In 2022, Amjad’s parents arranged her engagement to a Christian young man, leading her to resign from her teaching position. Months later, Bashir abducted her.
Three days after the abduction, a police complaint was filed at the Bayroot Hub Police Station. However, the police investigation did not ensure her safe return.
Amjad’s father, Amjad Masih, was quoted as saying that a court has denied his daughter’s return home despite her confession statement about her abduction, where she expressed her desire to live with her parents.
The victim’s statement was tampered with by a female judge, CLAAS-UK said, adding that the judge, under questionable circumstances, declared her married and thus ineligible to return to her parents.

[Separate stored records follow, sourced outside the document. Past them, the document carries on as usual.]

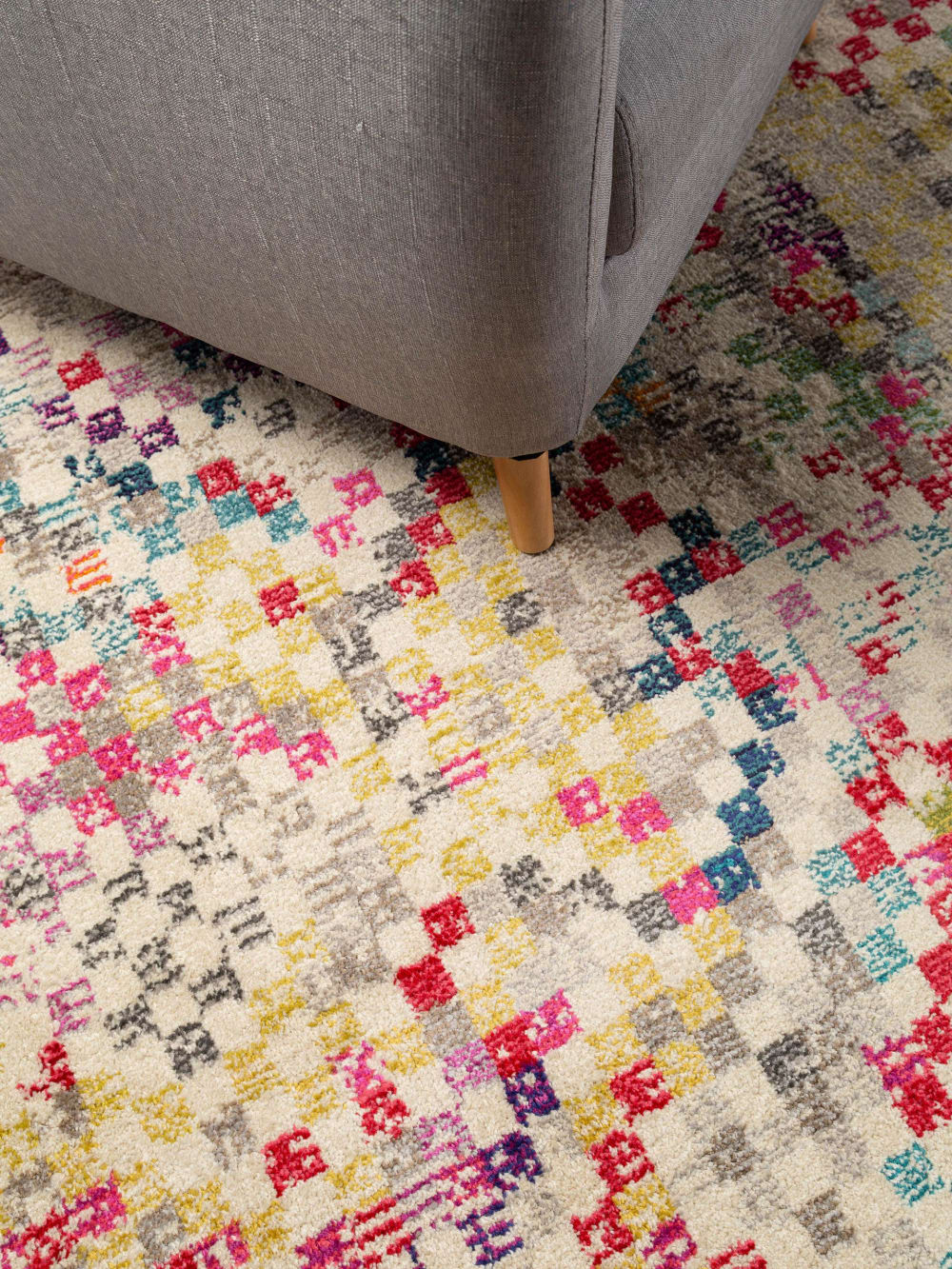 Tapis multicouleur 140x200 — vue 3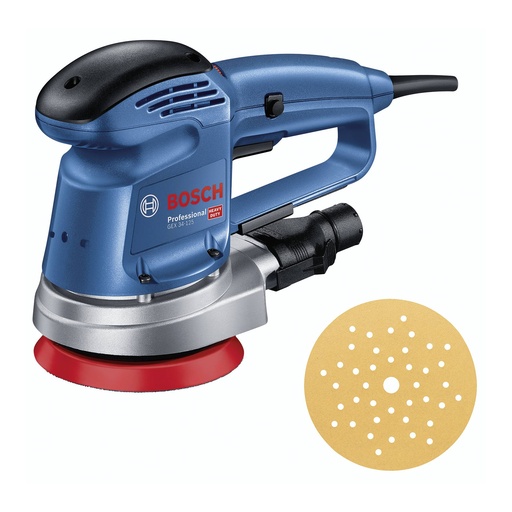 [580274] Bosch GEX 34-125 Cardboard Box Random Orbit Sander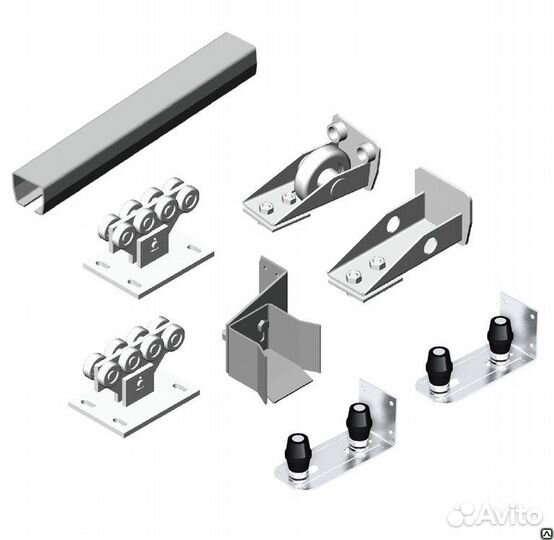 Балка с комплектующими для ворот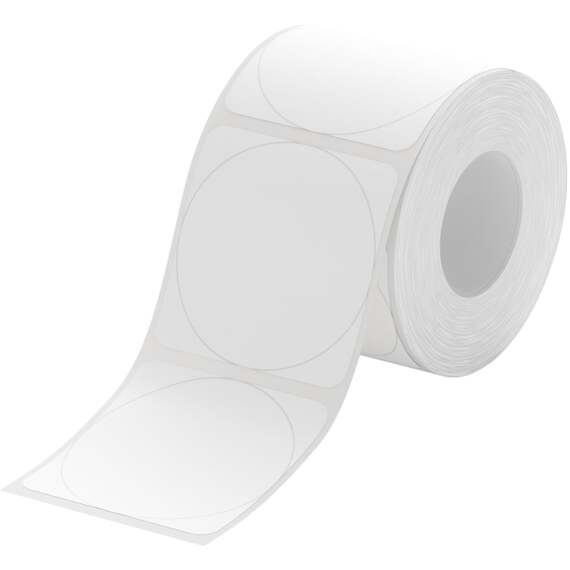B Range 21x21mm White Thermal Label Roll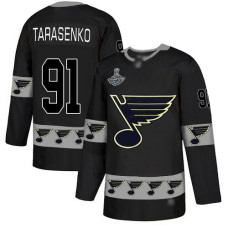 #91 Vladimir Tarasenko Black Authentic Team Logo Fashion Stanley Cup Champions Stitched Hockey Jersey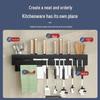 Stainless Steel Wall-Mounted Knife Holder & Chopstick Tube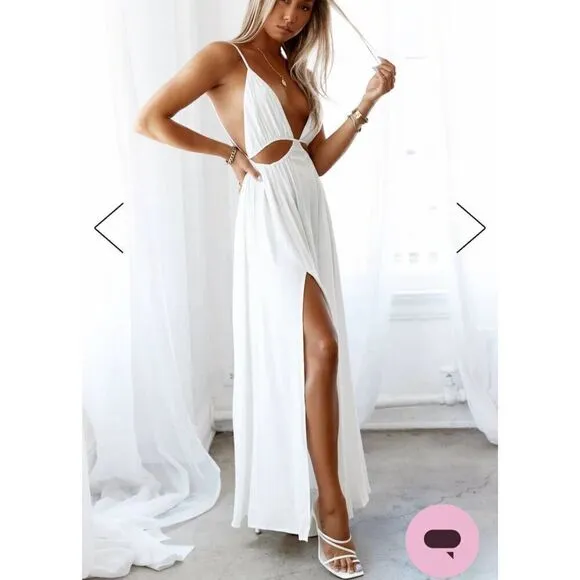 Hello Molly Soft Breeze Maxi Dress White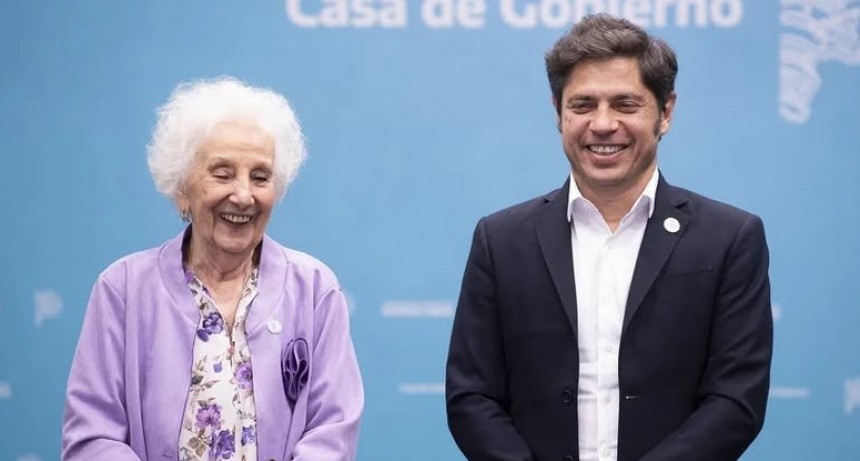 Kicillof encabezó el acto por el Día Internacional de los Derechos Humanos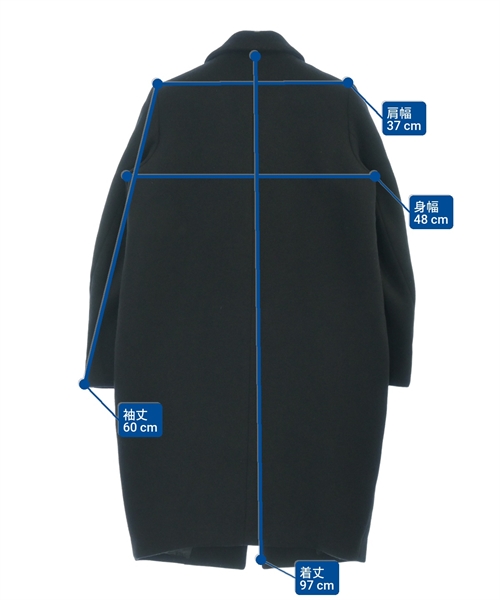 ENFOLD（エンフォルド）チェスターコート 黒 サイズ:36(S位) レディース/2200638866032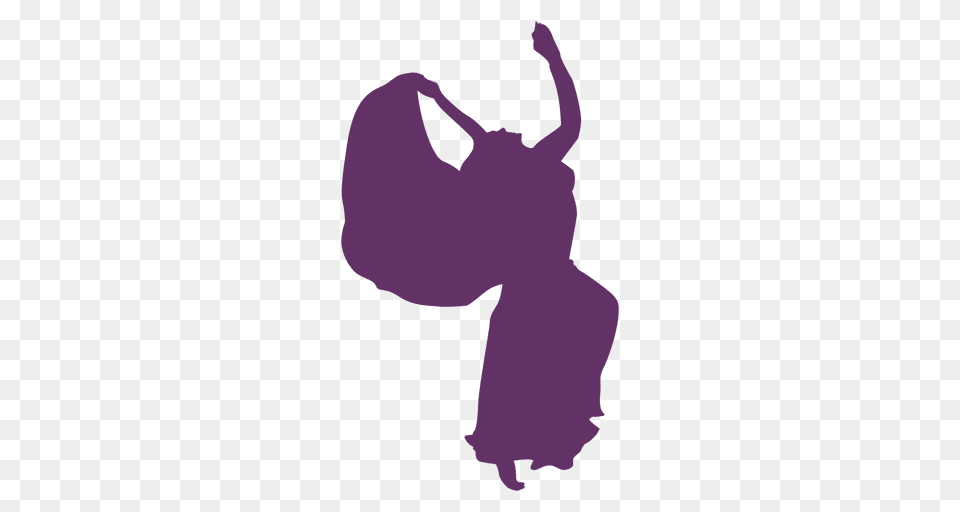 Veil Belly Dancer Silhouette, Dancing, Leisure Activities, Person, Purple Free Transparent Png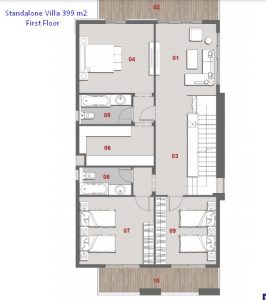 StandAlone Villa-399 m2-part 6-IL BOSCO-Villas-Misr Italia- New Capital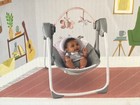 Ingenuity Comfort 2 Go Flora The Unicorn Portable Swing Nib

Nasir Saeed, director of CLAAS-UK, expressed grave concerns over the judgment. After Amjad’s statement in court, imposing a decision against her will is legally unacceptable, he said.
Amjad has been in contact with her family, stating that she fears for her life and her family’s safety, the group said.

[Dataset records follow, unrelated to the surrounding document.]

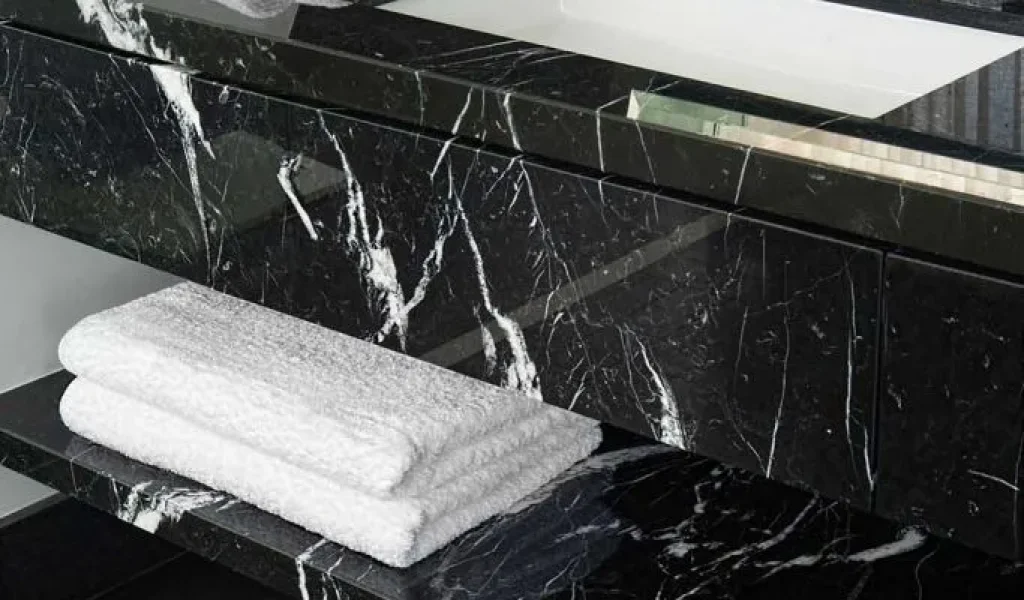 black marble bathroom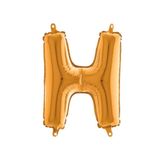 5DM H Harf Gold Renk Folyo Balon, 100 cm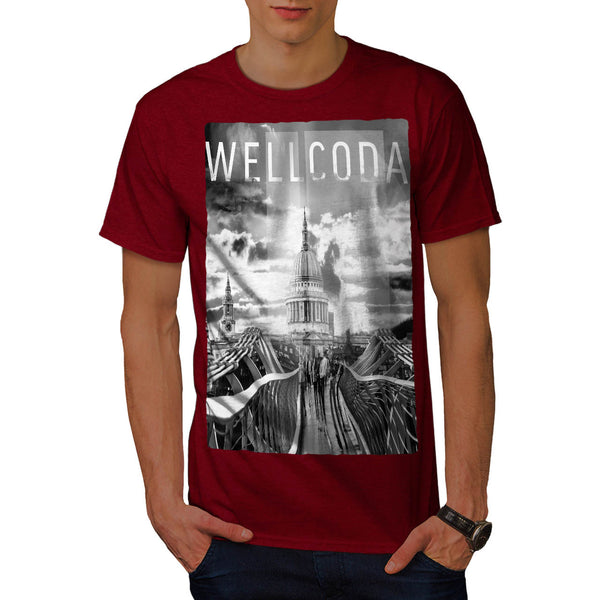 London View Distort Mens T-Shirt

It’s not an isolated incident but part of a broader pattern that puts Christian and Hindu minor girls at great risk in Pakistan, Saeed said, explaining that they are subjected to abuse and sometimes even prostitution, often with kidnappers escaping punishment. The suffering of victims continues until they are allowed to return home, he stressed.
While both the Pakistani government and the courts are aware of this issue, the international community must play a more active role in ending their persecution, Saeed urged.
Last June, the parents of a 15-year-old Roman Catholic girl in Punjab province reported a similar abduction. The girl’s father, Nadeem Masih, a sanitation worker at a textile factory, said his daughter, Saba Masih, was abducted on May 20, 2022, from the Madina Town area of Faisalabad city when she was going to work with her older sister. The family promptly called the police, but there was no progress in the case.
A 2014 report by a local group, The Movement for Solidarity and Peace Pakistan, estimated that hundreds of women and girls from Pakistan’s Hindu and Christian communities are abducted, forcibly married, and converted to Islam every year.
The U.S.-based International Christian Concern reported that religion is often injected into cases of sexual assault to place religious minority victims at a disadvantage. Perpetrators play upon religious biases to cover up and justify their crimes by introducing an element of religion.